Investors were still contemplating the possibility of Intel (INTC) doing its largest acquisition ever too. There were reports late Friday that it was looking to buy chip company Altera (ALTR). Both stocks fell Monday as a deal has yet to materialize. But many other semiconductor stocks were rallying.

Related: Kraft and Heinz to create food giant

And all this follows the big food merger last week. Heinz, controlled by Warren Buffett's Berkshire Hathaway (BRKB) and private equity firm 3G Capital, is buying Kraft (KRFT).

3. China stimulus. One of the biggest worries that investors have dealt with this year is the possibility of a hard economic landing in China.

The Chinese economy is slowing. But China's government is taking steps to soften the impact.

The most recent initiative was the unveiling of plans to spend a lot more on infrastructure in order to promote more trade between China and Europe and Africa.

This so-called modern "Silk Road" could lead to billions of dollars invested in railroads, ports, oil pipelines and other transportation equipment.
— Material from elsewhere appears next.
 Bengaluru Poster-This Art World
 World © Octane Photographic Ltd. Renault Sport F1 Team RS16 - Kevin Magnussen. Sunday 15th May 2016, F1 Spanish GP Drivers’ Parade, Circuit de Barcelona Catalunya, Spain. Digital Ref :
Related: China's factories slump amid growth concerns

China's central bank has already cut interest rates twice since November. So if China is able to keep its economy from losing too much steam, that's good news for the rest of the world.

Can the rally last? it's important to note that not much has changed in the past few days.

Earnings are still likely to be weak in the first quarter. Oil prices are still low. The Greek situation remains unresolved. The Fed is going to raise interest rates.

Related: Earnings are going to stink

Stocks have been extremely volatile this year and that is likely to continue. Big mutual funds and hedge funds may also be making moves to dress up their portfolios at the end of the first quarter.

And trading volume may be light this week since there are not many key earnings and economic reports scheduled.

What's more, the stock market is closed for Good Friday -- even though the latest jobs report is coming out that day. So while Monday's rally is a nice way to start the week, don't get too excited yet.